One of the main benefits orthodontic treatment is cosmetic – you get a great smile that makes you look and feel better.
But there are real health benefits of orthodontic treatment too:
You will be able to chew your food easier: Chewing is an important part of digestion. Having crooked teeth means you don’t chew your food properly and could end up with indigestion and other stomach problems.
You will have fewer dental problems: As crooked teeth are hard to clean, you could have more cavities and gum disease than people who have had orthodontic treatment. When your teeth are crooked there is extra stress on your teeth, gums and jaw which can lead to problems later on.
You have less risk of breathing problems: The roof of your mouth can sometimes partially block the air passages in your nose leading to breathing problems and snoring. Orthodontic treatment can reduce this possibility.

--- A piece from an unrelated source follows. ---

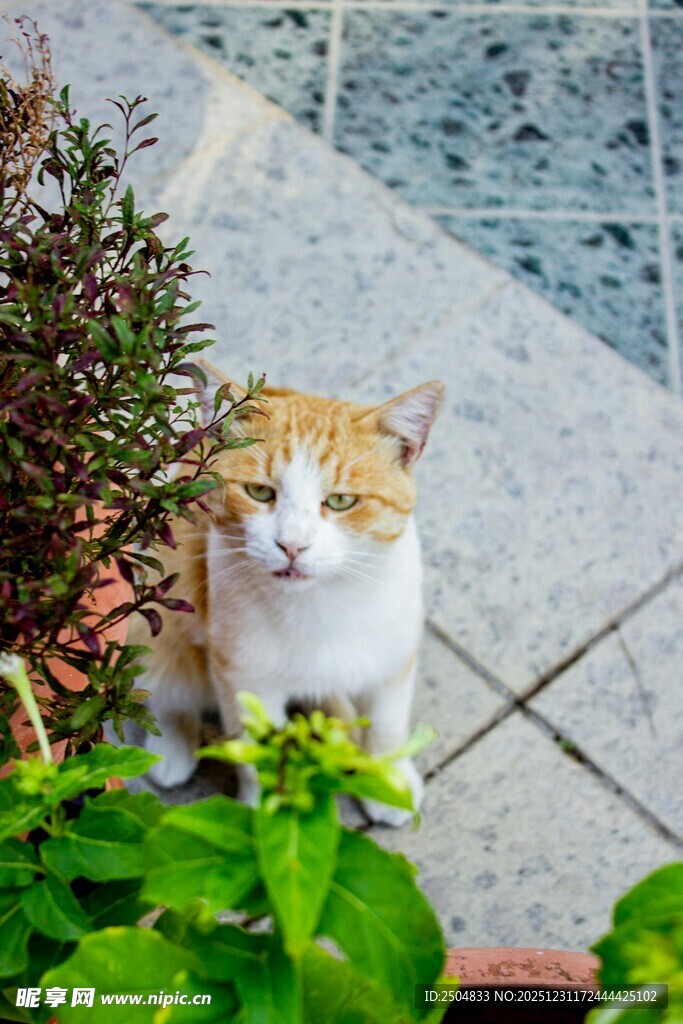 庭院中的可爱猫咪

Some recent research suggests a link between oral bacteria and cardiovascular disease, where calcium in your mouth is dissolved and deposited in your arteries.
Orthodontics helps prevent oral infections which may have a direct effect on heart disease.
Orthodontics not only gives you a great smile, it can lead to a healthier, happier and longer life.
Here is the truth on some common myths about orthodontists
Myth – Any dentist can straighten my teeth.
Truth – An orthodontist is a specialist at straightening teeth with two or three years of additional training after dental school.
They usually see hundreds of orthodontic patients a year where some family dentists may see only a handful.
Myth – Only children wear braces
Truth – Around 20% of orthodontic patients are adults
Myth – You only need to see an orthodontist for very complex cases.
Truth – Orthodontists have wide experience and deal with all types of orthodontic issue. However, their wide experience means they know exactly what to do in the most complex cases.
Myth – Seeing an orthodontist is more expensive than going to a general dentists for orthodontic treatment.
Truth – They are usually doing different work. An orthodontist offers value as an expert, highly experienced professional with specific training in this field.
Myth – Braces are painful and take years to work
Fact – Like a new pair of shoes, braces are perfectly comfortable after an initial ‘breaking in’ or adjustment period. Braces can get results after just a few months.
Myth – Braces are ugly and embarrassing in business settings.
Truth – Today braces can be made from clear plastic and can be nearly invisible. They can also be mounted on the back side of the teeth so that they are not visible.